======== Given entries ========

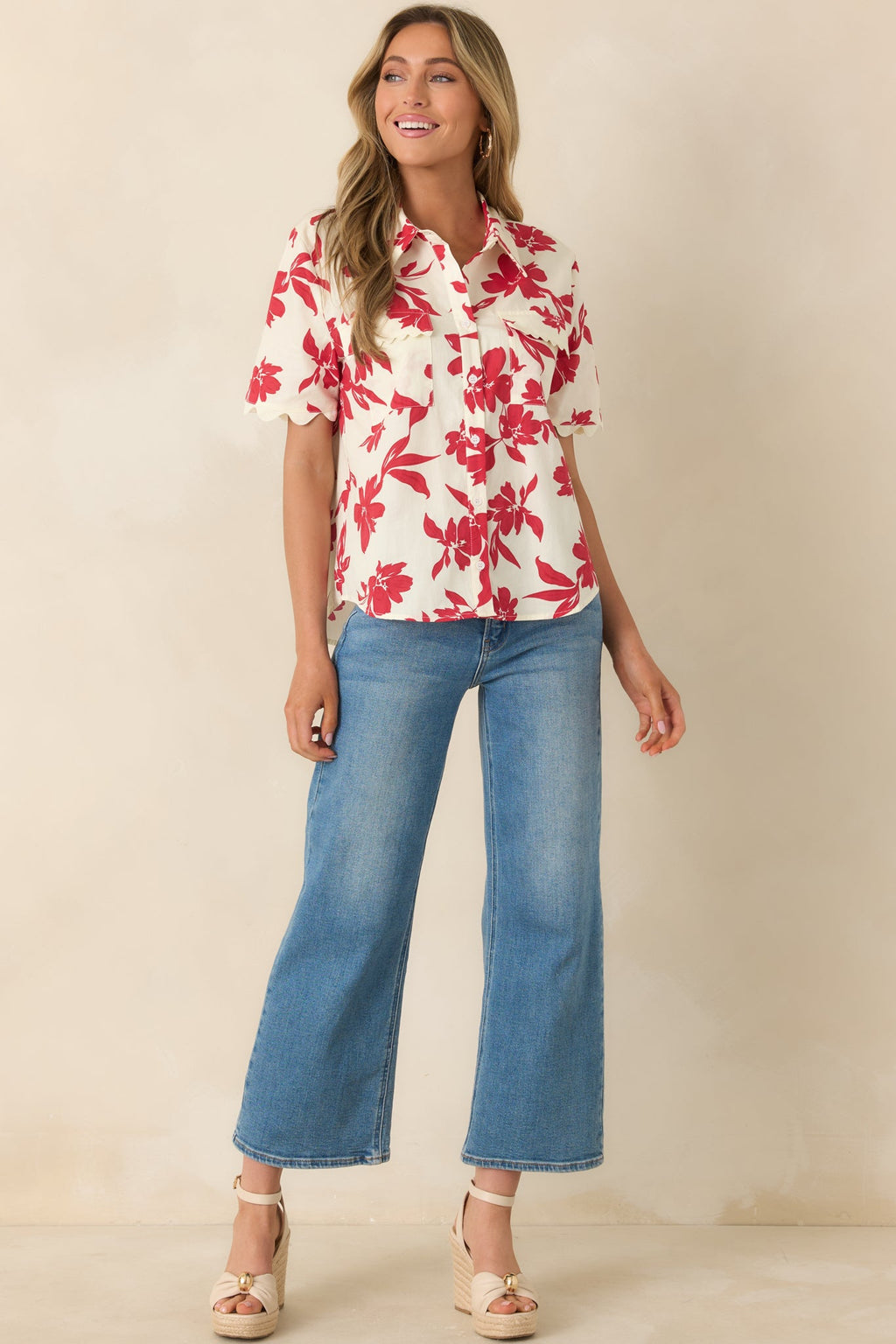 Feeling Fabulous Ivory & Red Floral Cotton Button Front Top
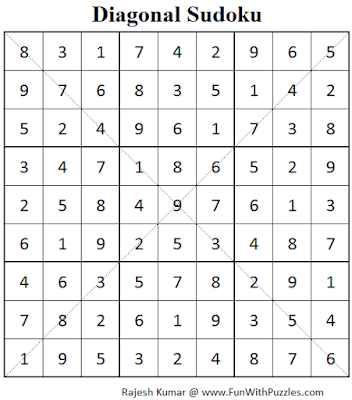 Diagonal Sudoku (Fun With Sudoku #62) Puzzle Solution
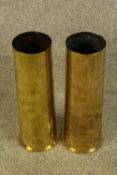A pair of spent World War II brass military shells. H.29.5cm. (each)
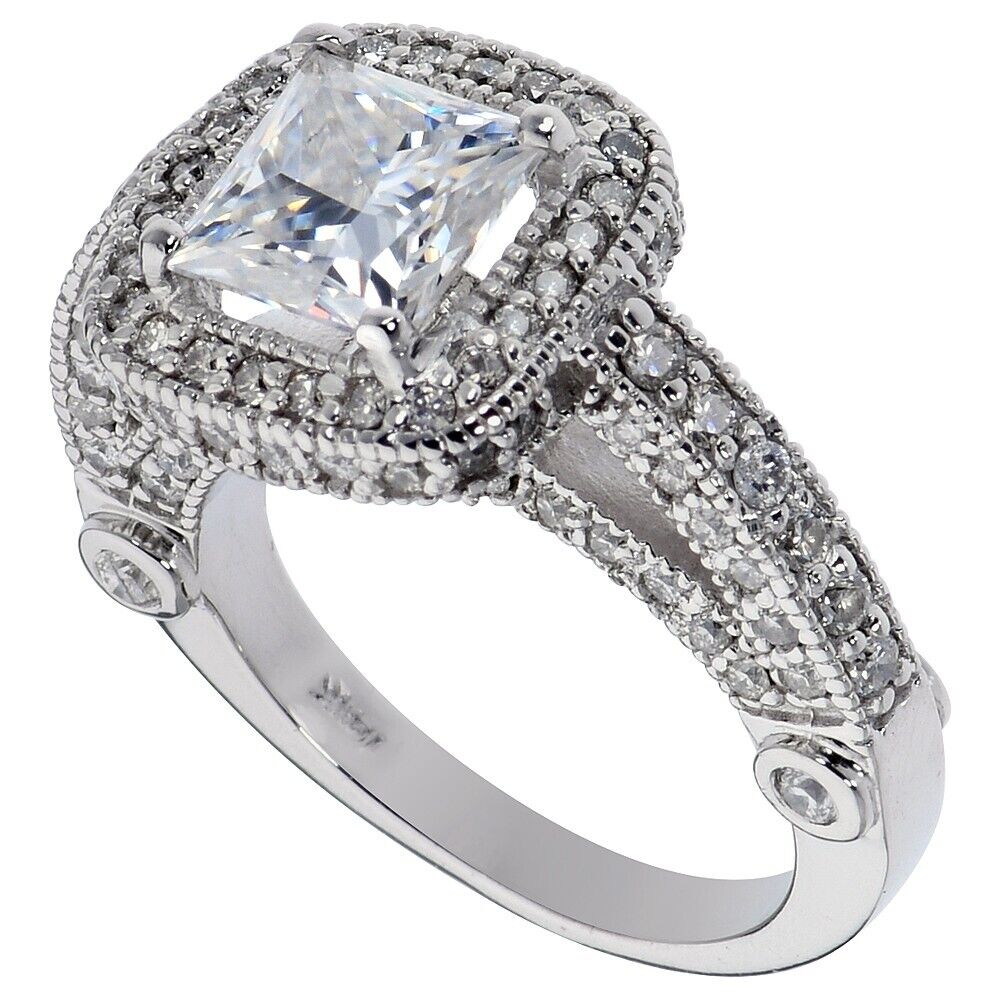 Gold Engagement Ring Diamonds Moissanite GRA Certified Over 3 Carats
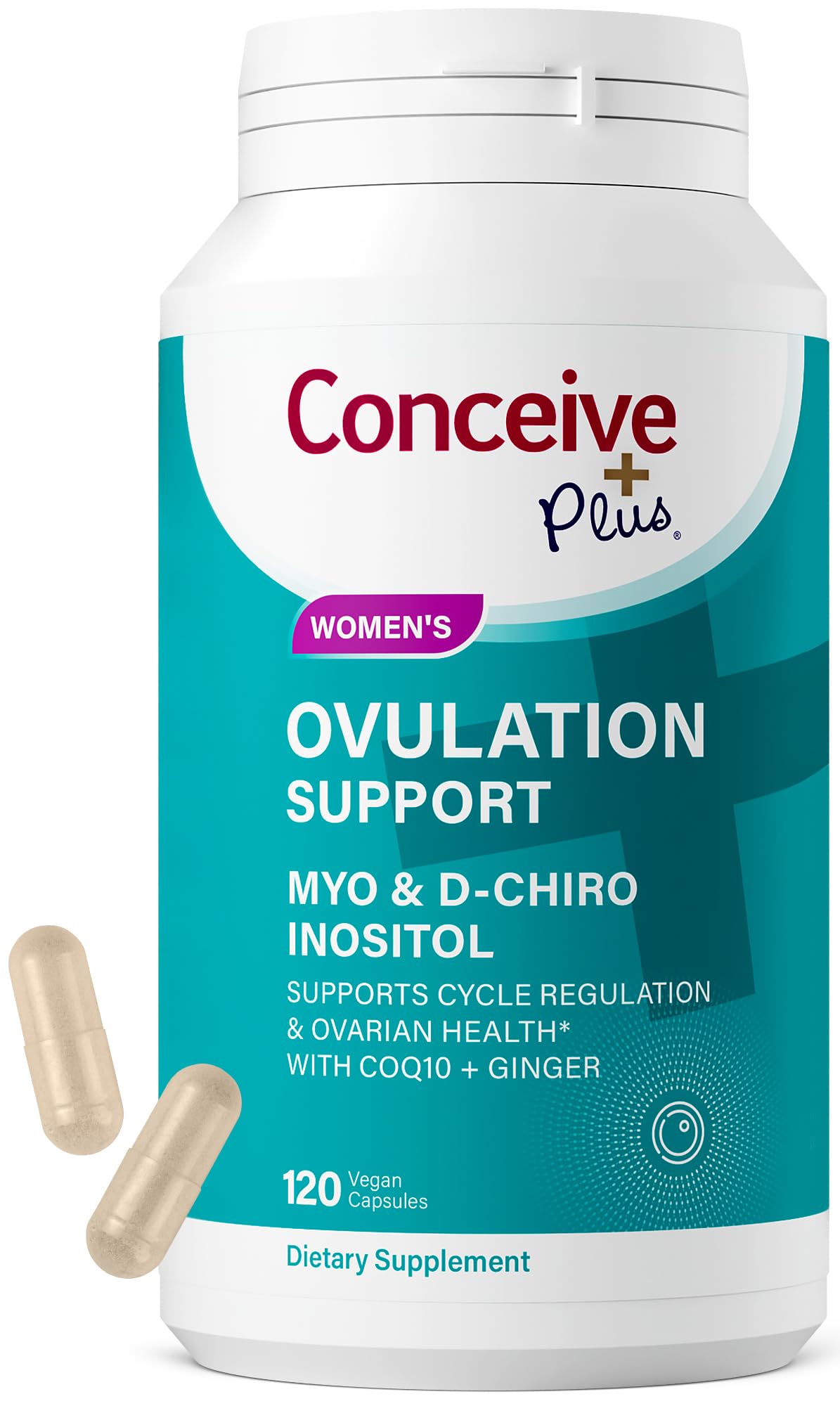 CONCEIVE PLUS botella frontal que muestra envase y beneficio de apoyo ovulatorio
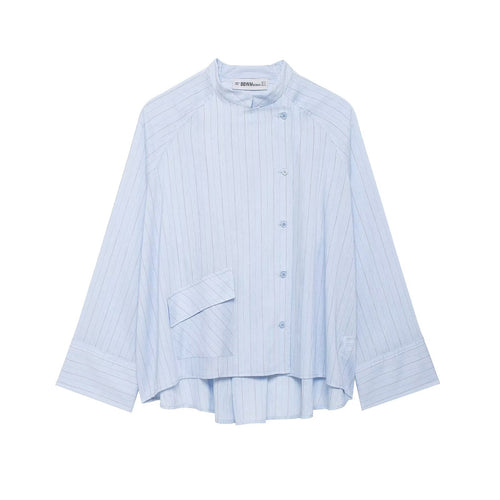 Damen Oversize-Hemdbluse mit Stehkragen, asymmetrischer Knopfleiste und hohem Saum Shop Nory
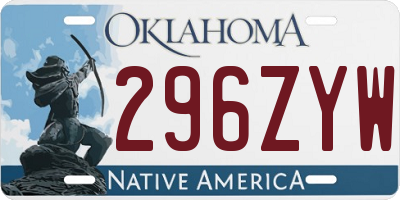 OK license plate 296ZYW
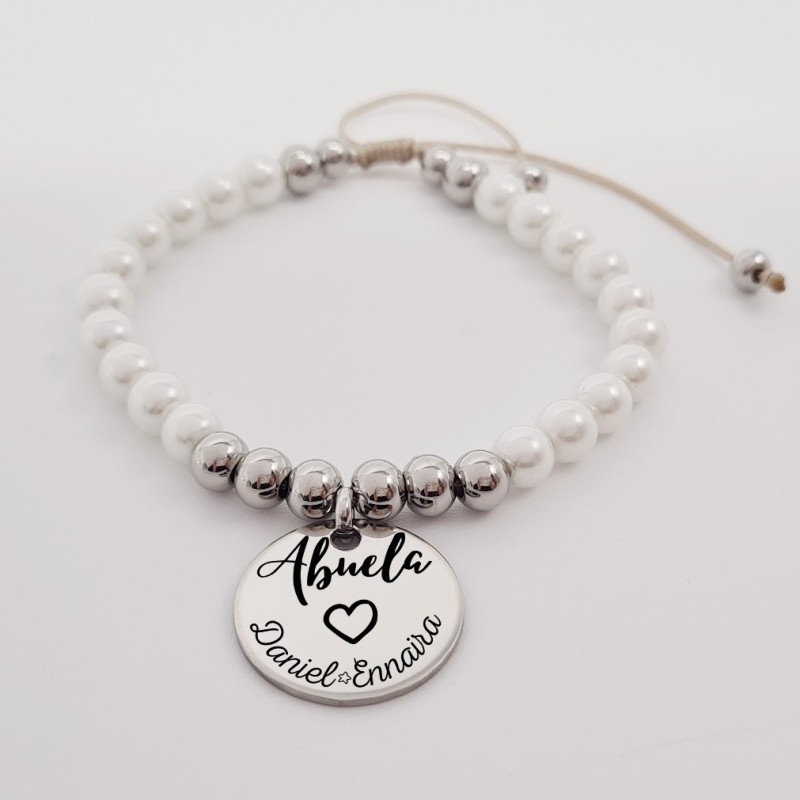 Pulsera de perlas personalizada para la abuela |Dcorazon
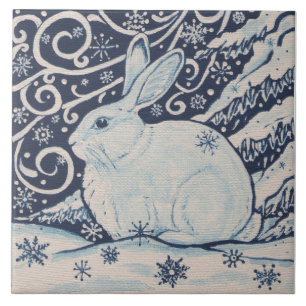 Christmas Rabbit Navy Blue Snow Snowflake Painting Ceramic Tile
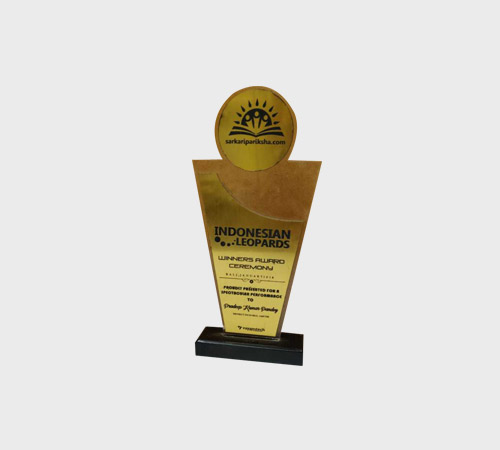 Amber Acrylic Tower Plaque with Circular Medallion - SKU ACA-034 - Acrylic
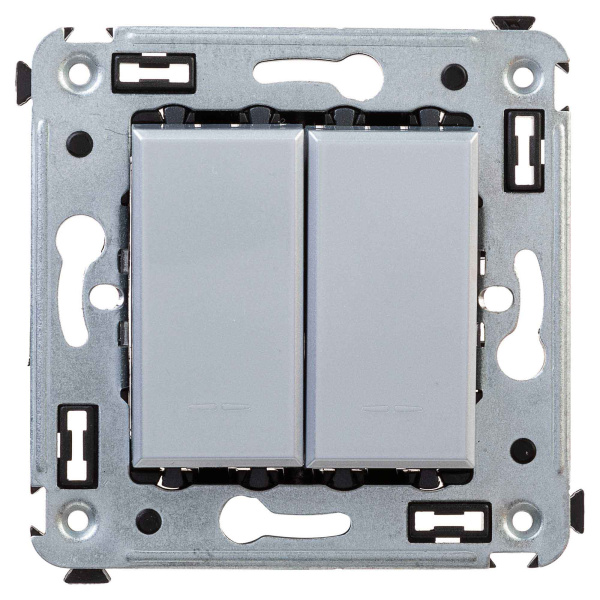 Выключатель двухклавишный в стену, "Avanti", "Закаленная сталь" DKC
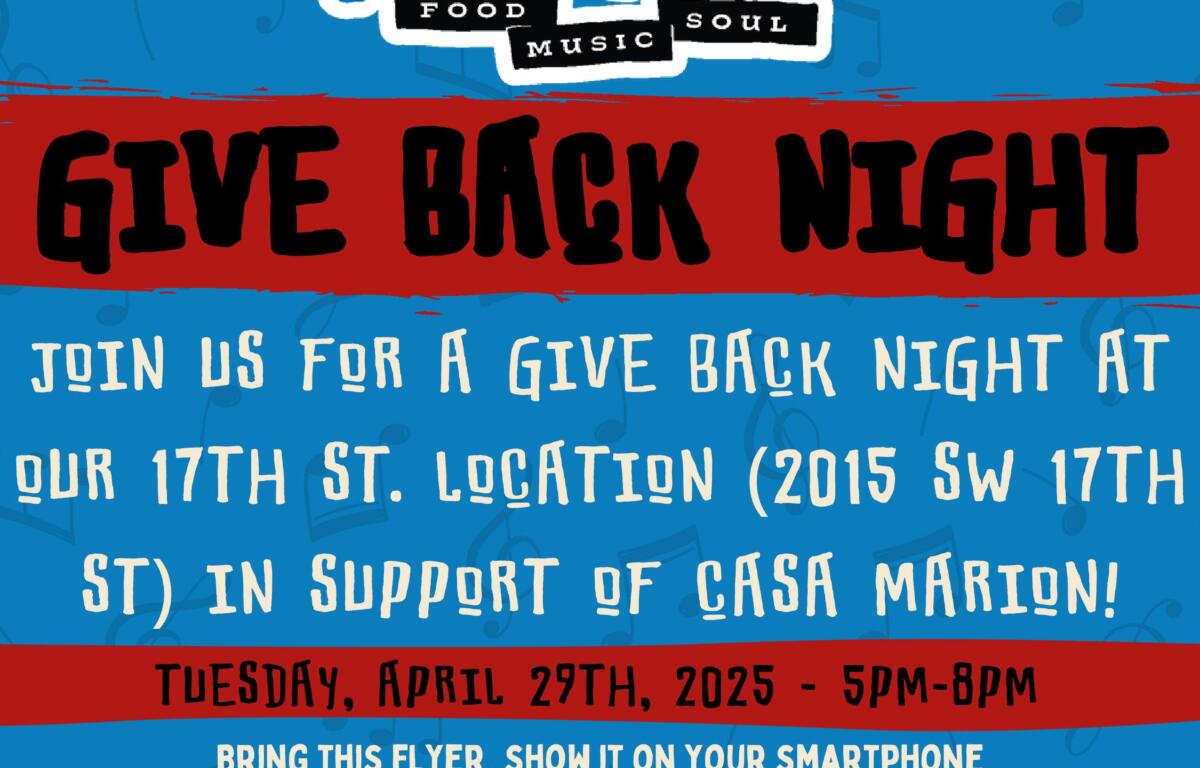 "Give Back Night" flier.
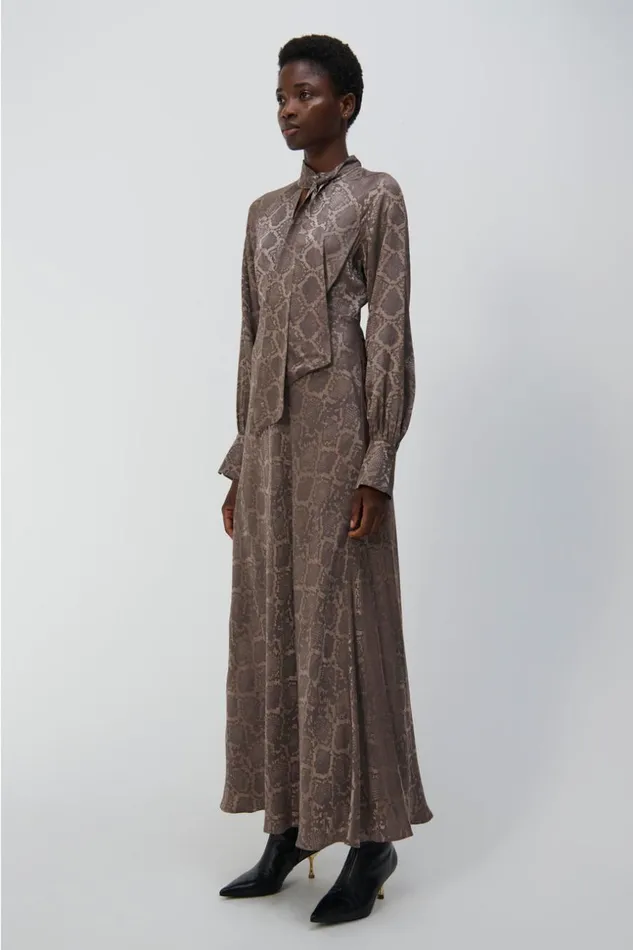 Jonathan Simkhai Tawney Dress Affogato Python Women Dresses and Jumpsuits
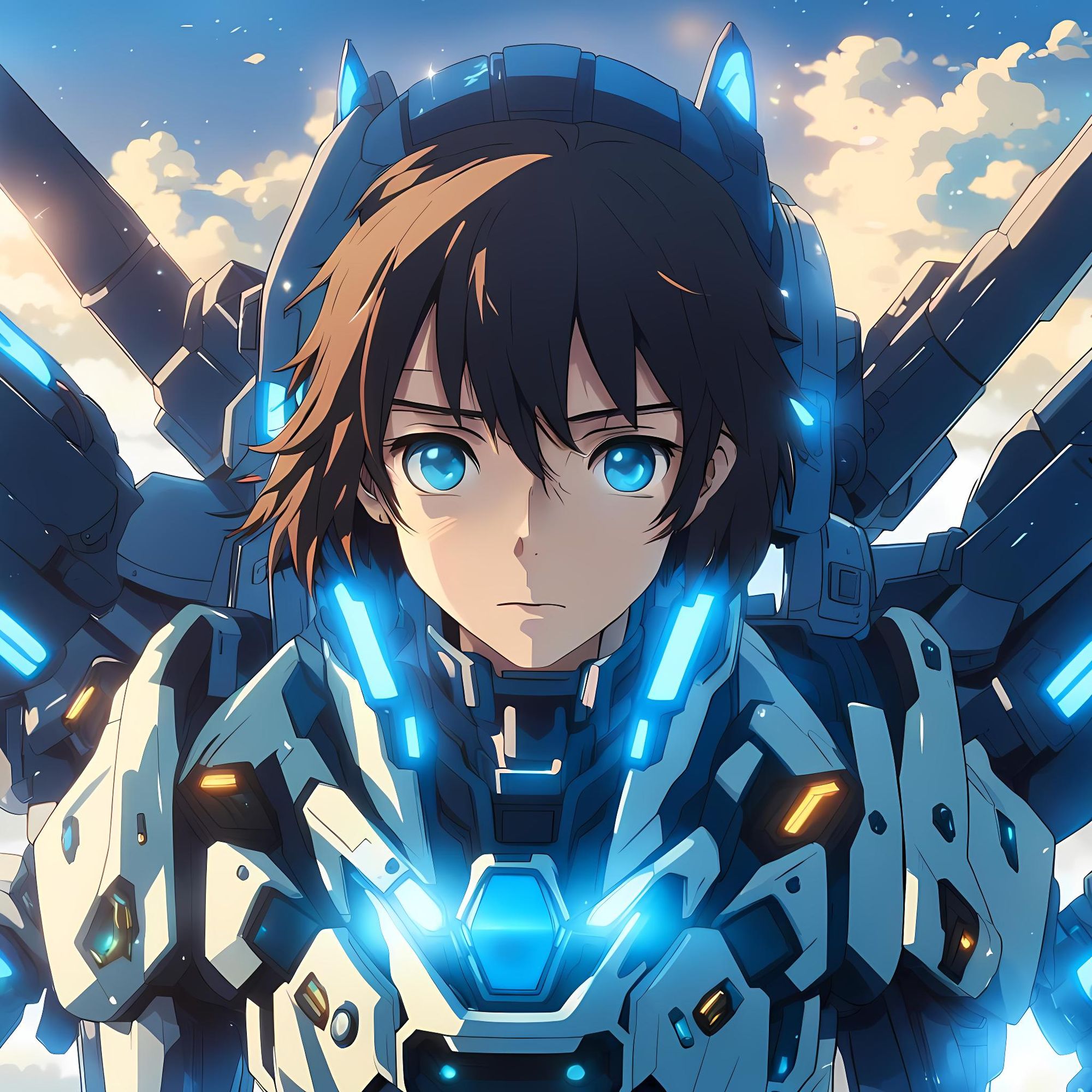 Garota anime de cabelo longo preto com mecha azul com olhos azuis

========

- _Work order_:
Please copy, exactly and only, the lines of the listing that run from the one holding "Pulsera de perlas" through its last line, and exclude pictures.

- _Solution_:
 Pulsera de perlas personalizada para la abuela |Dcorazon
 Christmas Rabbit Navy Blue Snow Snowflake Painting Ceramic Tile
 Amber Acrylic Tower Plaque with Circular Medallion - SKU ACA-034 - Acrylic
 Выключатель двухклавишный в стену, "Avanti", "Закаленная сталь" DKC
 "Give Back Night" flier.
 Jonathan Simkhai Tawney Dress Affogato Python Women Dresses and Jumpsuits
 Garota anime de cabelo longo preto com mecha azul com olhos azuis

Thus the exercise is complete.